### Work task:
Reproduce precisely the lines of the listing below, starting with the line that contains "t Harde 5 september 2017" and stopping after the line that contains "FIFINE UHF Dual"; include nothing else.

---*---

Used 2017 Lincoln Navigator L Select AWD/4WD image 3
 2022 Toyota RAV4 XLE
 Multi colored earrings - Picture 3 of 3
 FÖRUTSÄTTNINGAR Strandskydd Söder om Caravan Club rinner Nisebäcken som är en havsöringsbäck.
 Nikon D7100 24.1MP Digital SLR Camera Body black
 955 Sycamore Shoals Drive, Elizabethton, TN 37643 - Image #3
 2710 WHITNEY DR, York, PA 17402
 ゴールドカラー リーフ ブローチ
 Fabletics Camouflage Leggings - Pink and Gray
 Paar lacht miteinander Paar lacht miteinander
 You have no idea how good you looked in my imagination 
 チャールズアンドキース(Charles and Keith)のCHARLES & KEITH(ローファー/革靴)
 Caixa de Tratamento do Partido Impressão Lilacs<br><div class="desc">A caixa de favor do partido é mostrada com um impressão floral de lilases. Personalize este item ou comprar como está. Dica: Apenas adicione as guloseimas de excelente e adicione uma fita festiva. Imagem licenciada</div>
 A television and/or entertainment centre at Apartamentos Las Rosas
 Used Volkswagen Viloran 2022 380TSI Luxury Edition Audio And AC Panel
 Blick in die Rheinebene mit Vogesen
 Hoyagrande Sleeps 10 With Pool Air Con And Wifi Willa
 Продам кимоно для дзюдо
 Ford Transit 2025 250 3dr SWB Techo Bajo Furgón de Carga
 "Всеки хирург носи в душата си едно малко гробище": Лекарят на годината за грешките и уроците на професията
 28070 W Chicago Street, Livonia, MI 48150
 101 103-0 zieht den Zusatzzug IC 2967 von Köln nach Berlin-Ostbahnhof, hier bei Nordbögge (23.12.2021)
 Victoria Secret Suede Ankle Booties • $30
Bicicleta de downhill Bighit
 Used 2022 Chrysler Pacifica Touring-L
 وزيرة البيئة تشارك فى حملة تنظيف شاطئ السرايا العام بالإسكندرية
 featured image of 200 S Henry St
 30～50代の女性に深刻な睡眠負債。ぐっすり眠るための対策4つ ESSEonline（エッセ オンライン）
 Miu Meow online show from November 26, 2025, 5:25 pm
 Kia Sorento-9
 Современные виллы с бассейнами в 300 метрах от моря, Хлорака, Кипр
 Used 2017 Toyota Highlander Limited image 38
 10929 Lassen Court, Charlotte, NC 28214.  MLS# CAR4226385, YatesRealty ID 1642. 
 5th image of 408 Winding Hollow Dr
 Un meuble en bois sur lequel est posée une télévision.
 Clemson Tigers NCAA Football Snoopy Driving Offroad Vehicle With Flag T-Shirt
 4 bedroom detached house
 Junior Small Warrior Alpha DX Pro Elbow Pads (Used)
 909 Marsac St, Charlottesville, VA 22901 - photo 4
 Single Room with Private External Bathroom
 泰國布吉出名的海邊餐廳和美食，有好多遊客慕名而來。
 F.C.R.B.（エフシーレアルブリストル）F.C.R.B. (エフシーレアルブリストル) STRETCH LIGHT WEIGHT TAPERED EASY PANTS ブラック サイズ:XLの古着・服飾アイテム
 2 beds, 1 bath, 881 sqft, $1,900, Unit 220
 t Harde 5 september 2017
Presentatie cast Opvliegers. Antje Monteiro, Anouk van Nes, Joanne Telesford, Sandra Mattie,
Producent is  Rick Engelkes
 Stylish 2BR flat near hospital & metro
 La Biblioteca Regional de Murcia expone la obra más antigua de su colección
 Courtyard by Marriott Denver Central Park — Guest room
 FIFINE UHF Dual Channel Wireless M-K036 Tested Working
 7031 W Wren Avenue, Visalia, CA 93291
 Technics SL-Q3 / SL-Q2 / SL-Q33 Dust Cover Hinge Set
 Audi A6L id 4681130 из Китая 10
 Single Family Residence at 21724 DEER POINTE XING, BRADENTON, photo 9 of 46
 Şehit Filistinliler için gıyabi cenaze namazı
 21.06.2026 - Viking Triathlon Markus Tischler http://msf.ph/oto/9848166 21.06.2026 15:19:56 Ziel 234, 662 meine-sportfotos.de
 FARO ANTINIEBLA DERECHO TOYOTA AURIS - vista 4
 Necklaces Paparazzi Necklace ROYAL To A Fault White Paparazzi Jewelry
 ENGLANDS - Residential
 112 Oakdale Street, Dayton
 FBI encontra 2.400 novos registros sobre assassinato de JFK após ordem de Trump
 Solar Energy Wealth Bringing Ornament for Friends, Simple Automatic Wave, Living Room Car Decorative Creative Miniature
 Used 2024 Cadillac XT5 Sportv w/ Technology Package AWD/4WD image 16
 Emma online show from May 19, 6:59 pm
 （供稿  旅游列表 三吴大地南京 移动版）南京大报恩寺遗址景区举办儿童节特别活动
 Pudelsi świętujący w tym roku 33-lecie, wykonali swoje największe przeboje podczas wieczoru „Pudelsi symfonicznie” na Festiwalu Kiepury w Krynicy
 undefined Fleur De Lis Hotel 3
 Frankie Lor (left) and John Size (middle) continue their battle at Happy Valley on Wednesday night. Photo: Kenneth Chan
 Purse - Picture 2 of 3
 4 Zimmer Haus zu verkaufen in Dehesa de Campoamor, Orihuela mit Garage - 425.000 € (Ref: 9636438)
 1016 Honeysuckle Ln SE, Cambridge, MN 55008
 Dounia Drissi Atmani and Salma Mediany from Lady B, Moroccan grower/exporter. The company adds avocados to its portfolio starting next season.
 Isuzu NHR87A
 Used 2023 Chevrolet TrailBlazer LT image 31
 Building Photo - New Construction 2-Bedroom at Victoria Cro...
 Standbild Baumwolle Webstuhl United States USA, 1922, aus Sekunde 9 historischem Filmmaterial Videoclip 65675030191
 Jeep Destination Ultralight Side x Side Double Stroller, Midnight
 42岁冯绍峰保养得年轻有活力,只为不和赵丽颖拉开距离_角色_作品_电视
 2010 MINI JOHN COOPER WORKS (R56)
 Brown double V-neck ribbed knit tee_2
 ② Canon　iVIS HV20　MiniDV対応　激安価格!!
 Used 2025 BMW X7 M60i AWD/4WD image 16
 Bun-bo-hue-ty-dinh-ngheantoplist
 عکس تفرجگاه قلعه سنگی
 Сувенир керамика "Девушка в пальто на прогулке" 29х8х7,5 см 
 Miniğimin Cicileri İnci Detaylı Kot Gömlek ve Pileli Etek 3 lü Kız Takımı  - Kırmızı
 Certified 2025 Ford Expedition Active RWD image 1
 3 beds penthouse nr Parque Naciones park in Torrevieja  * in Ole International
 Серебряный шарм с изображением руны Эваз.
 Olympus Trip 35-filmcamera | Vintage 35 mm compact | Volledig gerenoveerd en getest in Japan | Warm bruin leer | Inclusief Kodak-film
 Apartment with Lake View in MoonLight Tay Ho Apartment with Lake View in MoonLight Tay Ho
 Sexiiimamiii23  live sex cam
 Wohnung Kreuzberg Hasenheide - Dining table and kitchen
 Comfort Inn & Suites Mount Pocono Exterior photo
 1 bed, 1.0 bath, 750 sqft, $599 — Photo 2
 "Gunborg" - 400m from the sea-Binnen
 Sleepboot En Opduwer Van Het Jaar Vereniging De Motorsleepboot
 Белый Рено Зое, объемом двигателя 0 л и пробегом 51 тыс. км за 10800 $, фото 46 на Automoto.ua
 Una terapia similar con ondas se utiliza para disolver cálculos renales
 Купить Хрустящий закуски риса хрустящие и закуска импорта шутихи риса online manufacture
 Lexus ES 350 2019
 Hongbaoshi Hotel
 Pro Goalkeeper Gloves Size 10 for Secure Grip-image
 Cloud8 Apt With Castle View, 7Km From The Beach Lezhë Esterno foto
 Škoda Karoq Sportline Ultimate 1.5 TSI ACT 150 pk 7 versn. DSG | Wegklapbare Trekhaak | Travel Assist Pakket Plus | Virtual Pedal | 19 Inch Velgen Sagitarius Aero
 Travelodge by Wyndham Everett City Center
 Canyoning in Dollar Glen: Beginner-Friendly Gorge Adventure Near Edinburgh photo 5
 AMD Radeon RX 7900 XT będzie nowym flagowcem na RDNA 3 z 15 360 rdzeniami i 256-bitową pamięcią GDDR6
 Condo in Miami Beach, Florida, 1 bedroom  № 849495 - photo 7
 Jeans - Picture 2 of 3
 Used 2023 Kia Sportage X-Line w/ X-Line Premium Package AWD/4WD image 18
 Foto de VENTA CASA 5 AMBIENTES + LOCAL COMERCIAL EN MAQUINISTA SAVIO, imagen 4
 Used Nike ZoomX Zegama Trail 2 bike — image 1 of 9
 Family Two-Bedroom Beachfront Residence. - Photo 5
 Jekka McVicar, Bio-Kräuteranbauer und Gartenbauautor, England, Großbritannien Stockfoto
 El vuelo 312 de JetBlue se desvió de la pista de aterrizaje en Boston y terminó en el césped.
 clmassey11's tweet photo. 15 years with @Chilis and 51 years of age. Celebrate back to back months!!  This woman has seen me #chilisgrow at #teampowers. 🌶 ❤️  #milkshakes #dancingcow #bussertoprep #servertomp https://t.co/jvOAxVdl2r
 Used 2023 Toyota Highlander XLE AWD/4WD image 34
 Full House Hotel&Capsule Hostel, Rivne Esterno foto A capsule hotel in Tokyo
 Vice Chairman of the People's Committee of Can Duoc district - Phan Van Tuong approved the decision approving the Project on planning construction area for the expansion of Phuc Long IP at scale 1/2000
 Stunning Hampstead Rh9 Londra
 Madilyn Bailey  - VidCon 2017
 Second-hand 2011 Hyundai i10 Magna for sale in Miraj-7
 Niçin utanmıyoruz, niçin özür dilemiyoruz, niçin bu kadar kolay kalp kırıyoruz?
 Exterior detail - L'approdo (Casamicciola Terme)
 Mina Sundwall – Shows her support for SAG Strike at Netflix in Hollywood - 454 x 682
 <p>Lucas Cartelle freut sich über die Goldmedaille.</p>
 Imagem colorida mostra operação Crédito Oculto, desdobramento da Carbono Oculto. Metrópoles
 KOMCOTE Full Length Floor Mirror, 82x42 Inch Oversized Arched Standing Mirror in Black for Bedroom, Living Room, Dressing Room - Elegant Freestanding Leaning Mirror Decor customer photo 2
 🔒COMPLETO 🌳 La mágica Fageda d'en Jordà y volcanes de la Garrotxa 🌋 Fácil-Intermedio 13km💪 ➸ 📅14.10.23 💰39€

---*---

### Answer to this problem:
 t Harde 5 september 2017
Presentatie cast Opvliegers. Antje Monteiro, Anouk van Nes, Joanne Telesford, Sandra Mattie,
Producent is  Rick Engelkes
 Stylish 2BR flat near hospital & metro
 La Biblioteca Regional de Murcia expone la obra más antigua de su colección
 Courtyard by Marriott Denver Central Park — Guest room
 FIFINE UHF Dual Channel Wireless M-K036 Tested Working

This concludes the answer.